Complex problems sometimes require the simplest of solutions. One of the most important questions facing those attempting to solve the climate crisis is, "How do we reduce CO2 emissions dramatically and immediately?" The simplest answer is, "Turn off the coal plants."
Although coal produces about half of the energy supplied by the electric power sector, it is responsible for 81% of the sector's CO2 emissions. According to recent paper by Dr. James Hansen et al., titled "Target CO2: Where Should Humanity Aim?" (PDF), if we are to have any chance of averting a climatic catastrophe, we must implement an immediate moratorium on the construction of any new conventional coal-fired power plants and complete a phasing out of all existing conventional coal plants by the year 2030. Anything short of this will fail (call Congress on Earth Day, April 22nd, supporting the Markey Waxman bill and a moratorium on coal).

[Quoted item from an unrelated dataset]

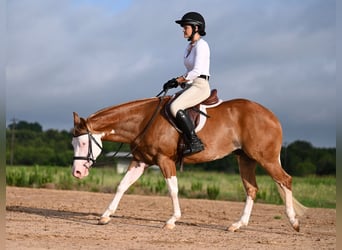 American Quarter Horse, Gelding, 4 years, 14.2 hh, Sorrel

To turn off the coal plants, one must replace them with another energy source and/or eliminate the demand for the energy produced by these plants. And the economic feasibility of any proposed actions regarding climate change is a particularly important consideration in this time of looming recession.
Today, of the approximately 38.5 QBtu of primary energy consumed by residential and commercial building operations in the U.S. each year, 27.3 QBtu is consumed in the form of electricity. About 14.2 QBtu of this electricity is produced by conventional coal-fired power plants. According to a recent McKinsey Global Institute report, the implementation of straightforward, off-the-shelf residential and commercial building efficiency measures would reduce energy consumption by 11.1 QBtu for an investment of $21.6 billion per QBtu.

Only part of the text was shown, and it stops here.